Re: N-Tuples, Pointers, Data Model Interfaces, and Bytecode Instructions

Marko Rodriguez Tue, 07 May 2019 09:21:19 -0700

I’m in the pocket so I’m just going to riff…

The concept of a pointer as I have defined it is a "0-argument function.” That 
is, we currently have Pointer as:


Pointer<E> implements Supplier<Iterator<E extends Tuple>>

However, pointers can be n-arg functions!

Pointer<S,E> implements Function<List<S>, Iterator<E extends Tuple>>

If so, providers can support dynamic tuple fields.

{#id:1, #label:person, name:marko, age:29, #outE_by_label:*{#outV=*{#id:1}, 
#label=@[0]}}

I’m using @[0] to denote the first argument passed into the pointer.

What this tuple is saying is that the provider is able to do a direct lookup of 
all incident edges based on edge label. Thus, as TP4, we can optimize:

values(‘#outE’).has(‘#label’,‘knows’)
        == to ==>
values(‘#outE_by_label’).by(‘knows’)

Lets say a user is doing outE(‘knows’,’likes’). With #outE_by_label we can only 
reference one edge sequence as we only use one argument. Thus, the compiler 
would have to write out the following bytecode:

union(values(‘#outE_by_label’).by(‘knows’), 
values(‘#outE_by_label’).by(‘likes’))

However, lets say another provider has this field on their vertex-tuples:

{#id:1, #label:person, name:marko, #outE_by_labels:*{#outV=*{#id:1}, #label 
within @}}

This tuple is saying that it can get a single sequence from a pointer that 
references an arbitrary number of incident edges by label, where “within” is a 
predicate like =. Thus, TP4 can compile outE(‘knows’,’likes’) to the following 
bytecode:

values(‘#outE_by_labels’).by(‘knows’).by(‘likes’)

*** I’m starting to see #fields as bytecode! …………….. foggy vision right now.

——————

I’m starting to think that there are no graph interfaces, relational 
interfaces, document interfaces, etc. No — instead, everything is always in 
terms of tuples!

        1. Database providers communicate with TP4 by giving it tuples.
                - these tuples “abstractly” represent objects like vertices, 
edges, rows, documents, etc.
        2. TP4 communicates with database providers by either 
                (1) joining tuple sequences to create a new tuple sequence (for 
relational-style data) or 
                (2) jumping to a tuple sequence via #fields (for pointer-style 
data).

Thats it. Thats all there is to the game.

// Gremlin
g.V().out(‘knows’).values(’name’)

// TP4 Bytecode
        == minimum tuple-field requirement to call yourself a graphdb ==>
db().values(‘#V’).values(‘#outE’).has(‘#label’,’knows’).values(‘#inV’).values(‘name’)
        == edge-label vertex-centric index optimization ==>
db().values(‘#V’).values(‘#out_label’).by(‘knows’).values(‘name’)
        == denormalized adjacent vertex property data for read-heavy systems ==>
db().values('#V’).values(‘#out_label_key’).by(‘knows’).by(‘name’)

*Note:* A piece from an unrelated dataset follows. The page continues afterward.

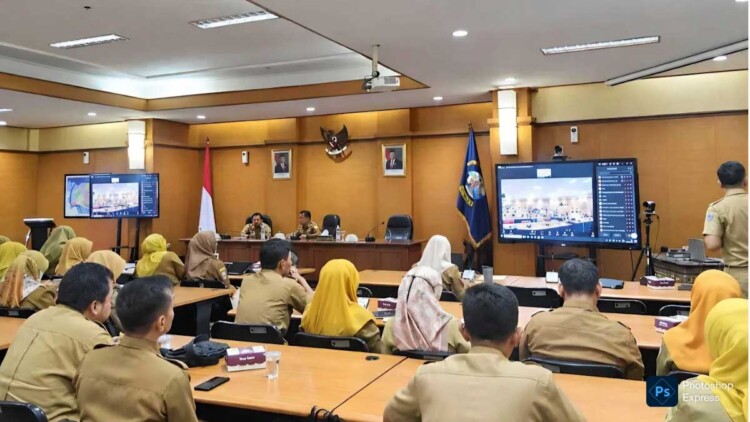 Evaluasi Innovative Government Award di Aula Diponegoro Bangkalan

So what makes a graphdb? The tuple types and their respective fields.
        - you have to have #type=vertex and #type=edge (you can have other 
types in there too!, but the graphdb instruction set only cares about vertices 
and edges).
        - you have to have #id and #label
        - you have to have #outE and #inE
        - you have to have #outV and #inV (that reference a single #type=vertex)
If your n-tuple representation has all that, then you are a “graphdb” and 
Gremlin will be able to process you.

Now check this mind-numbing entailment. Your n-tuple representation could have 
other tuple #types. For instance, #type=row.

{#type:row, #table:yearly_expenses, person:*{#type:vertex,#id:1}, january:$10, 
february:$12, march:$54, april:…. }

I have a graphdb mixed with a relationaldb all within the same db! You could 
effectively encode this in Cassandra (same keyspace) or an RDBMS (same 
database). Watch and learn:

        // what are the names of the friends of the person that spent the least 
last year?
        sql("SELECT person FROM yearly_expenses WHERE 
MIN(january+february+…)”).out(‘knows’).values(‘name’)

We aren’t talking “multi-model” …. no my friend, we are talking “hybrid-model.”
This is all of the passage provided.